Carlos Alberto Montaner*
Fidel Castro decidiu morrer como ex-presidente. Não agüenta mais. Depois de meio século gloriosamente vestido de verde oliva, disfarçado de guerrilheiro heróico, é muito difícil governar um país de moletom, sentado em uma cadeira de balanço.
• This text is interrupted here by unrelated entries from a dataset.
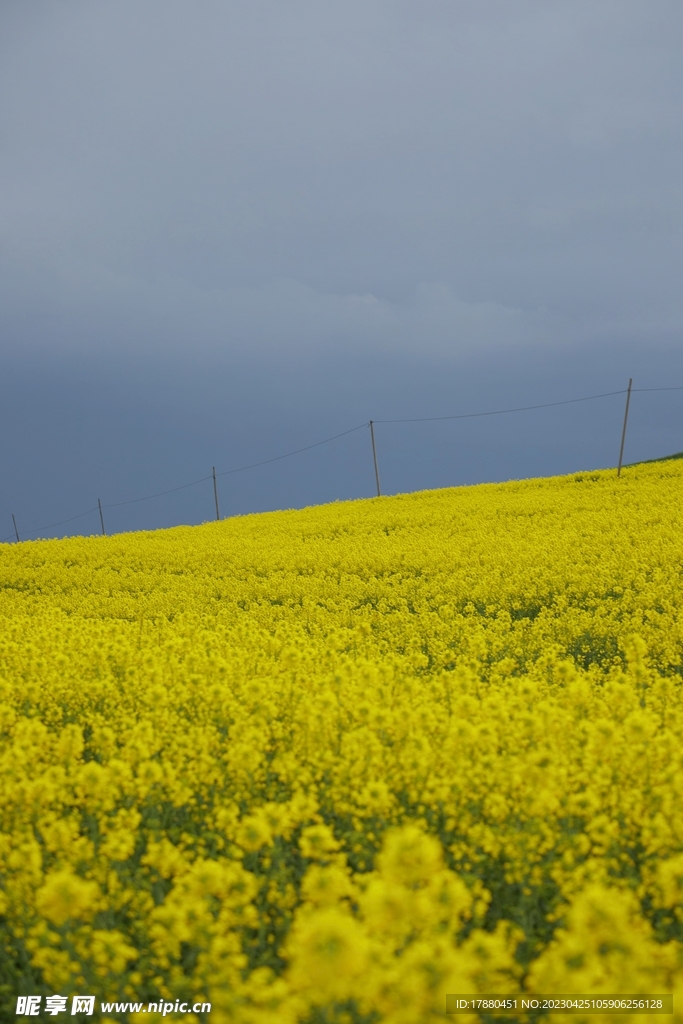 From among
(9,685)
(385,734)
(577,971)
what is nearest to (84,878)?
(385,734)

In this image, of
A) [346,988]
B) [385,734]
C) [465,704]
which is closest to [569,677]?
[465,704]

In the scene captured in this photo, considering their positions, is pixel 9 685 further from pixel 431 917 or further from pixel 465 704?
pixel 431 917

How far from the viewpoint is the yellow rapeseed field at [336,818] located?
126 inches

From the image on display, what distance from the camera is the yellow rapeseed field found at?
3211mm

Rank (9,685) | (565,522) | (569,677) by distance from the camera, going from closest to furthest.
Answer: (569,677)
(9,685)
(565,522)

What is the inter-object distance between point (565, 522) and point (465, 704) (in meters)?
16.5

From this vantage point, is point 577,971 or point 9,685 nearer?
point 577,971

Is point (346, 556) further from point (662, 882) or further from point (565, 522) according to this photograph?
point (662, 882)

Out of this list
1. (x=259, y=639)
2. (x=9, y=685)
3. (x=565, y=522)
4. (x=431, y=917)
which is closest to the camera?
(x=431, y=917)

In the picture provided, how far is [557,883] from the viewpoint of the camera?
4684 mm

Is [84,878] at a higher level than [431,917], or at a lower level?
lower

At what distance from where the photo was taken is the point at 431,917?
3.31 meters

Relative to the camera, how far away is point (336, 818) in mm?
6027

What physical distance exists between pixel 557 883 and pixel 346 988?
233 cm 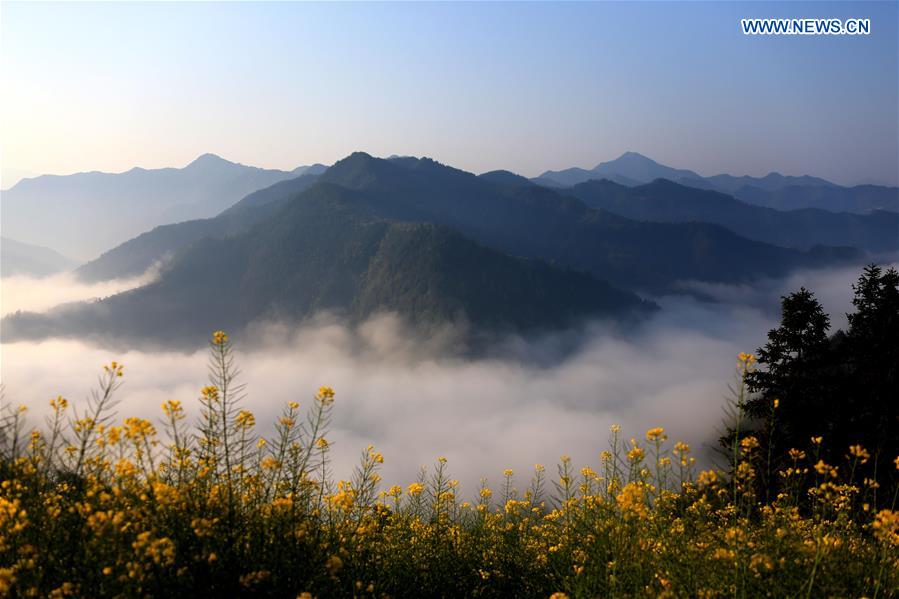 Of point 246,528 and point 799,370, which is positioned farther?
point 799,370

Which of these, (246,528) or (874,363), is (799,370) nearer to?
(874,363)

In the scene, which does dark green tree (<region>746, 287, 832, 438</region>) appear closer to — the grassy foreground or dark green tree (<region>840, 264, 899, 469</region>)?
dark green tree (<region>840, 264, 899, 469</region>)

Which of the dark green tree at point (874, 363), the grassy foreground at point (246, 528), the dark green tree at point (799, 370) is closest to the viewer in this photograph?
the grassy foreground at point (246, 528)

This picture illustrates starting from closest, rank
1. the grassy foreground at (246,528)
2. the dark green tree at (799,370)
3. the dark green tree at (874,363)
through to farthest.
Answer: the grassy foreground at (246,528), the dark green tree at (874,363), the dark green tree at (799,370)

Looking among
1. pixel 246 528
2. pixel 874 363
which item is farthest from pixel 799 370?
pixel 246 528

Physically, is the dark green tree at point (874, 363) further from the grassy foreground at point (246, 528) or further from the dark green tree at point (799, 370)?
the grassy foreground at point (246, 528)

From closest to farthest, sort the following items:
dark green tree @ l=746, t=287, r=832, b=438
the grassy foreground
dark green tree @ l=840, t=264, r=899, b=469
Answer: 1. the grassy foreground
2. dark green tree @ l=840, t=264, r=899, b=469
3. dark green tree @ l=746, t=287, r=832, b=438

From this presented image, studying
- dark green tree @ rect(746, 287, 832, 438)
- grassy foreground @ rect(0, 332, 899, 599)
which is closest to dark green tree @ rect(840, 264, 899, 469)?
dark green tree @ rect(746, 287, 832, 438)

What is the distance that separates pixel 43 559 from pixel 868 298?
2607 cm

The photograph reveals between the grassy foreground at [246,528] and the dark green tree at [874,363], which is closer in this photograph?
the grassy foreground at [246,528]

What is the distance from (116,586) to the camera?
460 centimetres

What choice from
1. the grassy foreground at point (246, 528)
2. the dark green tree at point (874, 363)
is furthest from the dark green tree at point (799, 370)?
the grassy foreground at point (246, 528)

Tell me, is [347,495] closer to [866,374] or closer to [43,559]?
[43,559]

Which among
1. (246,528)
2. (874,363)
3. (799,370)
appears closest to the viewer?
(246,528) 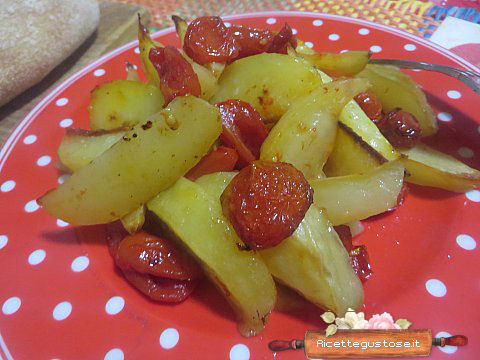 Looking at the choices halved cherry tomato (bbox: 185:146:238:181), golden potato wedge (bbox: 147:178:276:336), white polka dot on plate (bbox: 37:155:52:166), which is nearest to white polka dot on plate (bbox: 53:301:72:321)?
golden potato wedge (bbox: 147:178:276:336)

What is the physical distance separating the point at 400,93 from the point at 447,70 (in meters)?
0.21

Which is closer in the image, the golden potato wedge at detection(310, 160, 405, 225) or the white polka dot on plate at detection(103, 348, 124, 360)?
the white polka dot on plate at detection(103, 348, 124, 360)

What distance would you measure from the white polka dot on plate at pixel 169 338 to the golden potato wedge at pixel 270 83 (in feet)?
2.05

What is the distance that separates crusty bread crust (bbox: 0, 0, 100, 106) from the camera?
1.86 meters

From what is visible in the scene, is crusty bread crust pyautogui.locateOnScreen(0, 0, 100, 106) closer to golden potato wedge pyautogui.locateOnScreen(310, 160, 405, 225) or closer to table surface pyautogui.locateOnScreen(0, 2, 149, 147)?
table surface pyautogui.locateOnScreen(0, 2, 149, 147)

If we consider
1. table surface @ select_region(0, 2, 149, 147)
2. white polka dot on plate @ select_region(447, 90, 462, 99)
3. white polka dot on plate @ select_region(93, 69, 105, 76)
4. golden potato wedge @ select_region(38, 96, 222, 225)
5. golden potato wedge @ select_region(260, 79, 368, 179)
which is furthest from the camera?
table surface @ select_region(0, 2, 149, 147)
O saldo destes cinqüenta anos é pavoroso. Não há como a História absolvê-lo. Isso é impedido pelos dois milhões de exilados, milhares de presos políticos, fuzilamentos, a ausência absoluta de liberdades em Cuba, as famílias destroçadas, e o maior fracasso material da história das ditaduras latino-americanas. Quase todos os regimes tirânicos, do paraguaio Alfredo Stroessner ao nicaragüense Somoza, foram corruptos e injustos do ponto de vista social, mas deixaram seus países mais ricos. Em Cuba foi diferente. Como conseqüência do torpe governo de Fidel Castro e do sistema comunista imposto ao país (responsável pela improdutividade quase assombrosa da ilha), os cinco itens que medem a qualidade de vida da população pioraram: alimentação, habitação, vestuário, transporte e comunicações. Hoje, além da ideologia, a vida em Cuba é um pesadelo insuportável.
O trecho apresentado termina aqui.